如果configmap出现格式错乱，可以进入容器内，拿到配置文件yml
[root@k8s-master ~/prometheus-all]#kubectl -n monitor exec prometheus-6c8768547-v7hqq -- cat /etc/prometheus/prometheus.yml > /tmp/prometheus.yml
Defaulted container "prometheus" out of: prometheus, change-permission-of-directory (init)

配置Prometheus与Alertmanager

在Prometheus中，规则表达式可以用来定义告警规则，一旦规则表达式匹配到某些时间序列的值，Prometheus将会触发告警并将其发送给Alertmanager。Alertmanager则负责接收这些告警，并根据配置的路由规则将其发送到相应的接收者，如邮件、Slack等。

因此，需要在Prometheus的配置文件中指定Alertmanager的地址，以便Prometheus知道将告警发送到哪个Alertmanager实例。在Prometheus的配置文件中，可以通过设置alerting部分的alertmanagers字段来指定Alertmanager的地址。

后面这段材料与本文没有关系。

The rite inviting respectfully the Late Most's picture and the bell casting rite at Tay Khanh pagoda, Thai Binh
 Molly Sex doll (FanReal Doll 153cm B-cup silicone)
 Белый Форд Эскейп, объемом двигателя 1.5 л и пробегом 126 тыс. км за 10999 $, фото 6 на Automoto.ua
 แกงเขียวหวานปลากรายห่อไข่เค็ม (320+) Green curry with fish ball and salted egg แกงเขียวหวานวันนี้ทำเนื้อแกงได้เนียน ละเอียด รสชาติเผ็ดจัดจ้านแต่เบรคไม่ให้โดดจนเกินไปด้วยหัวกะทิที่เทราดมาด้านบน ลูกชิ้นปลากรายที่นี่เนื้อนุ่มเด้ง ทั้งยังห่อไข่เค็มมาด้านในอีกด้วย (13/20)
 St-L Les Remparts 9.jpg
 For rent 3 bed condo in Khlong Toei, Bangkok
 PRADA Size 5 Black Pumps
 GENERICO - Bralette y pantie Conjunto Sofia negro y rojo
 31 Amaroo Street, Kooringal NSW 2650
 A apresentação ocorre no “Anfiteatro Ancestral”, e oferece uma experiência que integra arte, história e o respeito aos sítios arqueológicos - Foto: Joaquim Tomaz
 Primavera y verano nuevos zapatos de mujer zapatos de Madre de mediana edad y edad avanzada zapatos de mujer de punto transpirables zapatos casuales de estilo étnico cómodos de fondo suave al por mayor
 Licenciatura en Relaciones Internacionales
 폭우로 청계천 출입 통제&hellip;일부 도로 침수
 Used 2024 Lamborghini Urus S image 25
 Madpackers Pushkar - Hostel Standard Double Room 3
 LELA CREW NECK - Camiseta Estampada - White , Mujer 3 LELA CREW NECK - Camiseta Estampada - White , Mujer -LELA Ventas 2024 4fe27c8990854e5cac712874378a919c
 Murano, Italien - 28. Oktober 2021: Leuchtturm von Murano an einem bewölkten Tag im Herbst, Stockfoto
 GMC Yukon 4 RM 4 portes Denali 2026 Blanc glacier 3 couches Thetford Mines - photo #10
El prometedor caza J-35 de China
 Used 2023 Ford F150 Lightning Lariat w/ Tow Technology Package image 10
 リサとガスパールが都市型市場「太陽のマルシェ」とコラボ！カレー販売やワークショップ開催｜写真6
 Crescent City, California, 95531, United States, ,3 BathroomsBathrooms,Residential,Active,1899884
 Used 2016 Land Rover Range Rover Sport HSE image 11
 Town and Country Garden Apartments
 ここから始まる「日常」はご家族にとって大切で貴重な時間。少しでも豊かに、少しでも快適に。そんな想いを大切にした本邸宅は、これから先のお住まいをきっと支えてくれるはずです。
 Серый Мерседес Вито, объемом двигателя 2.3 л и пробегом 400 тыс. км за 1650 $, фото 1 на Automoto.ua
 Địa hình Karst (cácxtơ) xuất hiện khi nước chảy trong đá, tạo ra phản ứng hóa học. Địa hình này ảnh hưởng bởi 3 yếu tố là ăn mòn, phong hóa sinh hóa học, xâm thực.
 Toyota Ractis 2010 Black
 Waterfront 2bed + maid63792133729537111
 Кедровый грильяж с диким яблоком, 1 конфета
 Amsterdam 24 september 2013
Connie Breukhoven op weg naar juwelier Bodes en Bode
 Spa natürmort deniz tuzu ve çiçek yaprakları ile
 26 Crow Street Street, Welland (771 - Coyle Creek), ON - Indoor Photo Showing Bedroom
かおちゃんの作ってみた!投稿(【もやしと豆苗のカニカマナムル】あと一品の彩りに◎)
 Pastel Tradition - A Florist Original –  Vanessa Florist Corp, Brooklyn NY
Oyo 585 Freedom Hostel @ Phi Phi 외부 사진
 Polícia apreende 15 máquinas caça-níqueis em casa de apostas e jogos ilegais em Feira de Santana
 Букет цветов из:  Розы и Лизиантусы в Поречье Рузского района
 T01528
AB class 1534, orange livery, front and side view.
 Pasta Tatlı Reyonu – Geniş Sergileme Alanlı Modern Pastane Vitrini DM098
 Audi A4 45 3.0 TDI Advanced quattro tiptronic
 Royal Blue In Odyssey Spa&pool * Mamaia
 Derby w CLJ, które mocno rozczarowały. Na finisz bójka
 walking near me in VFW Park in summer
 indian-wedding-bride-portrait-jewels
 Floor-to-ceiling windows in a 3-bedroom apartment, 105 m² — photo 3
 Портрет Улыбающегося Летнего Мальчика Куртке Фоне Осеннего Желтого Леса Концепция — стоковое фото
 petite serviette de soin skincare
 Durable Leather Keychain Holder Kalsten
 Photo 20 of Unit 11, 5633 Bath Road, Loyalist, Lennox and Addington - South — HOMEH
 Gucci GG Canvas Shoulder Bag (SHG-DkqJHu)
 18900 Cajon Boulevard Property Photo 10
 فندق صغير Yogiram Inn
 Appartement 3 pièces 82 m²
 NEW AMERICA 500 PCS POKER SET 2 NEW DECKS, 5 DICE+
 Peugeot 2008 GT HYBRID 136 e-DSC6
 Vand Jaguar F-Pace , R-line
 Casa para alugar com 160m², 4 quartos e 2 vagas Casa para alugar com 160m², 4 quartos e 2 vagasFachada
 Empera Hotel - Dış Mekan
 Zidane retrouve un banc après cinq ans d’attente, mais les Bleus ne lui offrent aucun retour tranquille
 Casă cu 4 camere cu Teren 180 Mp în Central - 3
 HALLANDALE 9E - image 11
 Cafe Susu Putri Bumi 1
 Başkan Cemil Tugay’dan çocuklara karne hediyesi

是否告警是由Prometheus进行判断的，若有告警产生，Prometheus会将告警push到Alertmanager，因此，需要在Prometheus端配置alertmanager的地址：

# 若是configmap乱码，无法修改用如下办法解决
如果configmap出现格式错乱，可以进入容器内，拿到配置文件yml
[root@k8s-master ~/prometheus-all]#kubectl -n monitor exec prometheus-6c8768547-v7hqq -- cat /etc/prometheus/prometheus.yml > /tmp/prometheus.yml
Defaulted container "prometheus" out of: prometheus, change-permission-of-directory (init)


# 修改yaml
[root@k8s-master ~/prometheus-all]#vim /tmp/prometheus.yml 
...
global:
  scrape_interval:     15s # Set the scrape interval to every 15 seconds. Default is every 1 minute.
  evaluation_interval: 15s # Evaluate rules every 15 seconds. The default is every 1 minute.
  # scrape_timeout is set to the global default (10s).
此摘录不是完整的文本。